Le ciel, devant moi, était plein de nuages, suspects dans nos contrées. Depuis trois mois, nos yeux n’avaient vu que du bleu, secoué quelquefois d’un mistral fugitif éclaircissant l’azur déjà clair.
De temps à autre, des troubles vaporeux surgissaient de la mer et donnaient au regard la moitié d’une vasque brunâtre à l’horizon. Très vite disparaissait l’espérance de pluie, et la chaleur trônait, fière et enorgueillie de sa saison. Les odeurs semblaient lourdes, plaquées sous la sueur et les sons des cigales. On respirait à peine.
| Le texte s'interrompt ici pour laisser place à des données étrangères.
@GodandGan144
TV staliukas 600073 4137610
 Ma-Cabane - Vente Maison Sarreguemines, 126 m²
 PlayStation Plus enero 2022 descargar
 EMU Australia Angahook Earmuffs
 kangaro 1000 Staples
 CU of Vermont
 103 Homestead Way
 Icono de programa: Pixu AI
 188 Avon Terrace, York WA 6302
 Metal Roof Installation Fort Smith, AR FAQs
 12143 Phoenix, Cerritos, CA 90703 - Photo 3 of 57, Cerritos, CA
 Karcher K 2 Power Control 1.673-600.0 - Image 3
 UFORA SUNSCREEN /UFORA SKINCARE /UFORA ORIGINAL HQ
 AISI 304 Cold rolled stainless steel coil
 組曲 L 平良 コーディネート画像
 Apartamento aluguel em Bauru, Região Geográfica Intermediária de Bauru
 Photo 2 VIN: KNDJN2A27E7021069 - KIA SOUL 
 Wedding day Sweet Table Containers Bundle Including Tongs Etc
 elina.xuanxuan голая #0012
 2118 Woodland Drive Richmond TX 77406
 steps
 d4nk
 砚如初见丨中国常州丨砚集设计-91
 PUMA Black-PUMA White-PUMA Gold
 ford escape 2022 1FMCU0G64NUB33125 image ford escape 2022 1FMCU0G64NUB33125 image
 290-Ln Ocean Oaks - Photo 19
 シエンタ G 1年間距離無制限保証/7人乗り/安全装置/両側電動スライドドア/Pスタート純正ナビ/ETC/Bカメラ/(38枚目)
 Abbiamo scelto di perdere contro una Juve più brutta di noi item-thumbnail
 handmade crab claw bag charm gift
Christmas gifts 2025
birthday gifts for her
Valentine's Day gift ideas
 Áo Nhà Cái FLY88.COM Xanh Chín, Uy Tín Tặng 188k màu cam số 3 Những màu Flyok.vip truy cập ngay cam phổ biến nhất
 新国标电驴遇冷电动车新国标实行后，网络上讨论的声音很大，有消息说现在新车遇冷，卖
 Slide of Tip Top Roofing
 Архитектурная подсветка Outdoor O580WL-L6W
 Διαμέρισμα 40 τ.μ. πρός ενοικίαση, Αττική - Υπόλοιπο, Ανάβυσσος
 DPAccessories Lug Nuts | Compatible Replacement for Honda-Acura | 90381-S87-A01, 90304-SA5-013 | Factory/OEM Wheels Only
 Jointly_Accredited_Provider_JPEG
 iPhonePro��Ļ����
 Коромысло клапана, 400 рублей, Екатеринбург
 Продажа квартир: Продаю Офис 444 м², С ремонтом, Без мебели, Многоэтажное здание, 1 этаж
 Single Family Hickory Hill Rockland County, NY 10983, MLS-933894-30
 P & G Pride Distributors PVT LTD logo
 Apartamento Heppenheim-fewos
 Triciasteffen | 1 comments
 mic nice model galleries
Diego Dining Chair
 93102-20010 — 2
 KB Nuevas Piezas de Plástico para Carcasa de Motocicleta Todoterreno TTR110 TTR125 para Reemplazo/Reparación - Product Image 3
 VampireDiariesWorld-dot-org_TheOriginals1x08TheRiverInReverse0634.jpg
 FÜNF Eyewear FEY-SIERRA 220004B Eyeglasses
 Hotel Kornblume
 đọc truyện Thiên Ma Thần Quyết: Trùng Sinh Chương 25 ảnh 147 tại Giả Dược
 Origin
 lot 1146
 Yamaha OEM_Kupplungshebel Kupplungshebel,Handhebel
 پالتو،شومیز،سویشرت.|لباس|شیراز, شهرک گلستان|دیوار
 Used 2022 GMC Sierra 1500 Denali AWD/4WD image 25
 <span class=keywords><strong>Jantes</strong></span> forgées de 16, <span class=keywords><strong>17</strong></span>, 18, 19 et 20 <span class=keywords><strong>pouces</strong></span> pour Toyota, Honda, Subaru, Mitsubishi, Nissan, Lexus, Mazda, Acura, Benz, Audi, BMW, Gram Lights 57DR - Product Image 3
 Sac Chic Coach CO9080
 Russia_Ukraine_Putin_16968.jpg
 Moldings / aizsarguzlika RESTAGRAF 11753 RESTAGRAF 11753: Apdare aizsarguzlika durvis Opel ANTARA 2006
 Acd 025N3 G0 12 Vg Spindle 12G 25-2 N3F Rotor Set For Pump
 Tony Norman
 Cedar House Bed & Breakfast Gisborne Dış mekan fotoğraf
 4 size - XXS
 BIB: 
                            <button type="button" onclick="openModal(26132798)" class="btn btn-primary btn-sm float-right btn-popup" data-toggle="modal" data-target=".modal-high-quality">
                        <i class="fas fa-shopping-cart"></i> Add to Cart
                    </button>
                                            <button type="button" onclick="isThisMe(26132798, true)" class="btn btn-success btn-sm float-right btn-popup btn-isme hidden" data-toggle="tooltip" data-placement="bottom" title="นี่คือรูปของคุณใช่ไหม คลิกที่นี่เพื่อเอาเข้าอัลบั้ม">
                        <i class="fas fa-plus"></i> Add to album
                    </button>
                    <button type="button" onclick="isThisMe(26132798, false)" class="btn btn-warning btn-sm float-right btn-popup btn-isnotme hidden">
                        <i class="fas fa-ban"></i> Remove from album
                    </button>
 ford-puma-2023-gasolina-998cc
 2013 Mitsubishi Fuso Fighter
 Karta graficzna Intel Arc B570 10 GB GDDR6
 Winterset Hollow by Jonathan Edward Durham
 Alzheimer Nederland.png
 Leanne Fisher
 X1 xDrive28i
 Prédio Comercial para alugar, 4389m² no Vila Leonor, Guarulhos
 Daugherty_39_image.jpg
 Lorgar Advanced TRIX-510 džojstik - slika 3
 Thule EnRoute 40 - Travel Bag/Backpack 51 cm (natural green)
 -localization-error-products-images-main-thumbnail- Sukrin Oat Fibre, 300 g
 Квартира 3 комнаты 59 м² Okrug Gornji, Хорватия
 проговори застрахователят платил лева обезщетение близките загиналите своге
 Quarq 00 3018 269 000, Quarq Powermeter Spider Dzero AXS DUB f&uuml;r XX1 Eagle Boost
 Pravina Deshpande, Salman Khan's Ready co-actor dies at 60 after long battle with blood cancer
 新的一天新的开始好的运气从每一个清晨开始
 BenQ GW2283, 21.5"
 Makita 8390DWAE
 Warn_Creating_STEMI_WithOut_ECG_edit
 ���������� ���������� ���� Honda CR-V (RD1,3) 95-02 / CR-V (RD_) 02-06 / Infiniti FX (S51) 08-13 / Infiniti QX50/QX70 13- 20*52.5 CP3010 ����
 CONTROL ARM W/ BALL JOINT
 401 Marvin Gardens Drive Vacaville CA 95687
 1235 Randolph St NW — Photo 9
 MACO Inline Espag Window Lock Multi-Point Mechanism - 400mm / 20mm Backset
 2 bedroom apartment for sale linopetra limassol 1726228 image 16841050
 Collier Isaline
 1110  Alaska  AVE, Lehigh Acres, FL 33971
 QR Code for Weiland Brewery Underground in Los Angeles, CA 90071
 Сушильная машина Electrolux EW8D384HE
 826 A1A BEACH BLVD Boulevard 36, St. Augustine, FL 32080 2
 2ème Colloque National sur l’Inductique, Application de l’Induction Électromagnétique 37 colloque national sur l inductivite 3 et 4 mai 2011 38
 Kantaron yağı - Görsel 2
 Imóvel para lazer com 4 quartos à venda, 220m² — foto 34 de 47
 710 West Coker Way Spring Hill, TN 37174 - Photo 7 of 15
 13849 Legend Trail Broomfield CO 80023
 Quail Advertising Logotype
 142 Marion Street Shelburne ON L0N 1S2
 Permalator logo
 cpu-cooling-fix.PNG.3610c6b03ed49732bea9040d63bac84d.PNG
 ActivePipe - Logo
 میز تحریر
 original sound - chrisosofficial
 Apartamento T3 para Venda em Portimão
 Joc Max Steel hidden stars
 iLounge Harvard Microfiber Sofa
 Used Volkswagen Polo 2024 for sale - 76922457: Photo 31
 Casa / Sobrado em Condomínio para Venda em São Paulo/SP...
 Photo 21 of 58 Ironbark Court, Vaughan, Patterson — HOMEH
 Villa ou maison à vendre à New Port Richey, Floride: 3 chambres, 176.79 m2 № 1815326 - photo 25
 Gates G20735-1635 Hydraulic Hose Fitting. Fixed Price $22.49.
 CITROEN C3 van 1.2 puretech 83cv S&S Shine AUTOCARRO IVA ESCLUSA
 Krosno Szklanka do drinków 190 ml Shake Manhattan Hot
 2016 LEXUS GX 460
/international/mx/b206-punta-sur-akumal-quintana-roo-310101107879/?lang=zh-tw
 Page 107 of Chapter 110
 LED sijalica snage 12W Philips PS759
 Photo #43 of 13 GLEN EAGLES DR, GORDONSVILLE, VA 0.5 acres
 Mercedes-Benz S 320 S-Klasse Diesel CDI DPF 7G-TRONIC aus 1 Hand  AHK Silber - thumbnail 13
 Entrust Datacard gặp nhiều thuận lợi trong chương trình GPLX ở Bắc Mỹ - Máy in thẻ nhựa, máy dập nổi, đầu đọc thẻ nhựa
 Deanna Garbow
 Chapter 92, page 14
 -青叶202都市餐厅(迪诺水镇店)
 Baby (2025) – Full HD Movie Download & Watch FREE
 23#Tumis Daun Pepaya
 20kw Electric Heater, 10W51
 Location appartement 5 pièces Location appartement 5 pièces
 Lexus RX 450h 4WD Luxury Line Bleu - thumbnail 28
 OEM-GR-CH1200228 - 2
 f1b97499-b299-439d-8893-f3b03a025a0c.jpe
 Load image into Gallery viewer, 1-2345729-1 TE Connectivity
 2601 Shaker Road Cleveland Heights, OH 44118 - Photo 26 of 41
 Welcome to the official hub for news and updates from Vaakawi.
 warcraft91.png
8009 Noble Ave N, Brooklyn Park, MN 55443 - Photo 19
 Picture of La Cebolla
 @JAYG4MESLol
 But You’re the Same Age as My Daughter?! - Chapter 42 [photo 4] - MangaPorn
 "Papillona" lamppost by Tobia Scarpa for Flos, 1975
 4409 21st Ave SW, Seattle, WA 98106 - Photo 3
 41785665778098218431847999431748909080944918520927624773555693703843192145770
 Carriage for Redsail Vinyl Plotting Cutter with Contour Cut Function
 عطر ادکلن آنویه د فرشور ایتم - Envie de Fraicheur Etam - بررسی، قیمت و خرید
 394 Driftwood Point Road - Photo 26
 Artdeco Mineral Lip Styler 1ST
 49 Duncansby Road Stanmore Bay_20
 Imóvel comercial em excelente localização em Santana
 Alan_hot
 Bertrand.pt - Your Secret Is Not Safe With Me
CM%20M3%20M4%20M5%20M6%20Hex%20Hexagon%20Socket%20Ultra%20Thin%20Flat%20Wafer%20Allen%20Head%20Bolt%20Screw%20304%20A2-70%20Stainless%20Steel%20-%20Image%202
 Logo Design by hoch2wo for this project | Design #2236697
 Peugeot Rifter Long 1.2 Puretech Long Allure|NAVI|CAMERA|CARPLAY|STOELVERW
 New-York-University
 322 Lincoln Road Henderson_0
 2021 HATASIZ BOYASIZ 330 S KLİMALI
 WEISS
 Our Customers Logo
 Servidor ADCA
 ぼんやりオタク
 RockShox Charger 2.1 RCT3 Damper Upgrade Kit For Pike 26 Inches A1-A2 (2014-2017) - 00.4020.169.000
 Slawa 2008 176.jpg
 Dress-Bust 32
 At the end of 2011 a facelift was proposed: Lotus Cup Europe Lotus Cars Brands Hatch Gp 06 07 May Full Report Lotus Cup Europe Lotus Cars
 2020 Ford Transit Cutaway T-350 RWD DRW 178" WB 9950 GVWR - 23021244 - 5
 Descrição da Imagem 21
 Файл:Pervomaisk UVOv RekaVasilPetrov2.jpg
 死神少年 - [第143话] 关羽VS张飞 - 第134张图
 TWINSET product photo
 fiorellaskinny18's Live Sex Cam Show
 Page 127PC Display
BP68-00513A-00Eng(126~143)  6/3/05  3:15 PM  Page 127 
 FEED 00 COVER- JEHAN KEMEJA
Le calme est presque revenu. Les touristes s’étiolent, nous les voyons marcher avec timidité, car ils ne peuvent plus cacher leurs corps derrière la foule… Ça et là, ils regardent, craintifs ou désinvoltes : ils ne sont plus les seuls…
Aujourd’hui, après une pluie diluvienne que les gens du pays attendaient vaillamment et exècrent déjà, je glisse entre les flaques grises sorties des caniveaux. Le temps est comme au ralenti : l’homme respire après l’été.
Je vais pouvoir goûter au silence automnal, et enfin respirer les odeurs de la pluie qui revigorent profonde notre terre desséchée.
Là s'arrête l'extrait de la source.